On Monday, Gronkowski — a free agent for the first time ever once the Super Bowl ended — acknowledged receiving some overtures from his hometown Bills (he was raised in upstate New York), but said “everything just fell into place right away” in terms of signing on with the Bucs for a second year.

“There were a couple of other teams also,” he said. “But just overall, I wanted to be back with the Buccaneers organization. The setup here is just unbelievable, just the chemistry that I felt over the last season is just fantastic.”

Coming off a one-year retirement, Gronkowski surprised many by starting all 16 regular-season games in 2020, finishing with 45 catches for 623 yards and seven touchdowns. In the playoffs, he mostly brandished his blocking chops in max-protection alignments but had two TD receptions in Super Bowl 55.

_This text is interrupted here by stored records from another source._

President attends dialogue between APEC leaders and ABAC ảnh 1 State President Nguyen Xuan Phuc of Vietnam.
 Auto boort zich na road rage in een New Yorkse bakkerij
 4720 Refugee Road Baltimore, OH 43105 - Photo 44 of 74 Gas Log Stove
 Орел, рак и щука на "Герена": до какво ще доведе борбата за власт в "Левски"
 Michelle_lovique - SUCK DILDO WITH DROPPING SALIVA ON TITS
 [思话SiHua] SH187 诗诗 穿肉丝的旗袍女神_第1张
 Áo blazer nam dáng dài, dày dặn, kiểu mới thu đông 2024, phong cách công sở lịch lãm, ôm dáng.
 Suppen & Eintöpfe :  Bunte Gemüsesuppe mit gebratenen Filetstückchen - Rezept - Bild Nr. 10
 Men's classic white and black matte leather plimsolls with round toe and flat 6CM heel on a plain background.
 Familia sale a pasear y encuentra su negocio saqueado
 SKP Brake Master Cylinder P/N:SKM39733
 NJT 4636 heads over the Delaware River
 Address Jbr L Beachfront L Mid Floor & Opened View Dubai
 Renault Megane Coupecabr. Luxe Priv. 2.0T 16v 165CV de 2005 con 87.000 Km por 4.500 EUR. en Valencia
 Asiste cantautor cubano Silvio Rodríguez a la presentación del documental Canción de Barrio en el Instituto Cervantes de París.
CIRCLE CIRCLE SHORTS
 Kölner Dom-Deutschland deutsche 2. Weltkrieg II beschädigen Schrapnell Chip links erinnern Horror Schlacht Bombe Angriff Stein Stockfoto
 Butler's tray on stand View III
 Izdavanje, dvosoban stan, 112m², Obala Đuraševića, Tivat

He hasn’t played every regular-season game in consecutive seasons since his first two years in the league (2010 and 2011), but he was younger then.

Not to mention wilder.

“This year, just playing all 20 games, all 16 regular-season games, not missing a practice ... was just a great feeling,” said Gronkowski, who turns 32 in May.

“It was just something I wanted to prove to myself, too, that I could do. Prove to myself that the things I’ve learned and that I’ve taken in and that I’ve changed, that I can play a full season and I can play a full postseason at a high level, too. So it was just great overall to complete that mission, and now I feel like I can do it again, too.”